EXERCISE PROMPT |
Your reply should hold only the lines from the records below where "Women" occurs.

Caption-style text data:
☆ ☆ ☆ ☆

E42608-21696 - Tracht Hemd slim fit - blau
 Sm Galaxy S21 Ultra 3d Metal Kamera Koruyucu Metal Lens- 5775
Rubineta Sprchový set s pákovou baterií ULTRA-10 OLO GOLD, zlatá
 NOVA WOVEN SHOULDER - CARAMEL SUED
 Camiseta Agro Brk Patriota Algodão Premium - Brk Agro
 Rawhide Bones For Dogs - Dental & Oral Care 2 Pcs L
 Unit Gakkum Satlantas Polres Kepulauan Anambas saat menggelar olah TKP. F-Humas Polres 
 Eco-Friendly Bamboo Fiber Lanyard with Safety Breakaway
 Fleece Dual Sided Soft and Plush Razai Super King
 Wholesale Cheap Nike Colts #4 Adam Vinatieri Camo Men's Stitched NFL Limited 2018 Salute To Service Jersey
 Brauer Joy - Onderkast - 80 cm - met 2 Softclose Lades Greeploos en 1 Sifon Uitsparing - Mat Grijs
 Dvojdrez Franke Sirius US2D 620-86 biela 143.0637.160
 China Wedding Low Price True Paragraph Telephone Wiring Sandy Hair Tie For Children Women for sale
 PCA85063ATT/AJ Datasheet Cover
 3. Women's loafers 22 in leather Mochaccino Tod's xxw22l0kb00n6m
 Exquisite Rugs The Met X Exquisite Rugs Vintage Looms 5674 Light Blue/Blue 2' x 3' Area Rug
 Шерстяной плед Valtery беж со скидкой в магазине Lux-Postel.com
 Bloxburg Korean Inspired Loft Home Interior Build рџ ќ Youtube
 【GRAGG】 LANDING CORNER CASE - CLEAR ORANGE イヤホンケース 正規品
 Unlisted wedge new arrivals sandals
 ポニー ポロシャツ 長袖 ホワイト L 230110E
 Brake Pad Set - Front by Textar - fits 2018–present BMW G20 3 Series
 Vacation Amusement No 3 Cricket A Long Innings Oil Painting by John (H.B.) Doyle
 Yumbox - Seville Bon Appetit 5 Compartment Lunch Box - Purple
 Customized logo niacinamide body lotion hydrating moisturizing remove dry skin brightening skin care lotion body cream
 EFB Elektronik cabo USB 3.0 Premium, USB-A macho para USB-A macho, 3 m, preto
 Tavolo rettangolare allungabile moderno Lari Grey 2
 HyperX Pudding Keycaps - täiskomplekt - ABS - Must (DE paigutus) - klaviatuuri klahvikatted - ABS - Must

☆ ☆ ☆ ☆

EXERCISE SOLUTION |
 China Wedding Low Price True Paragraph Telephone Wiring Sandy Hair Tie For Children Women for sale
 3. Women's loafers 22 in leather Mochaccino Tod's xxw22l0kb00n6m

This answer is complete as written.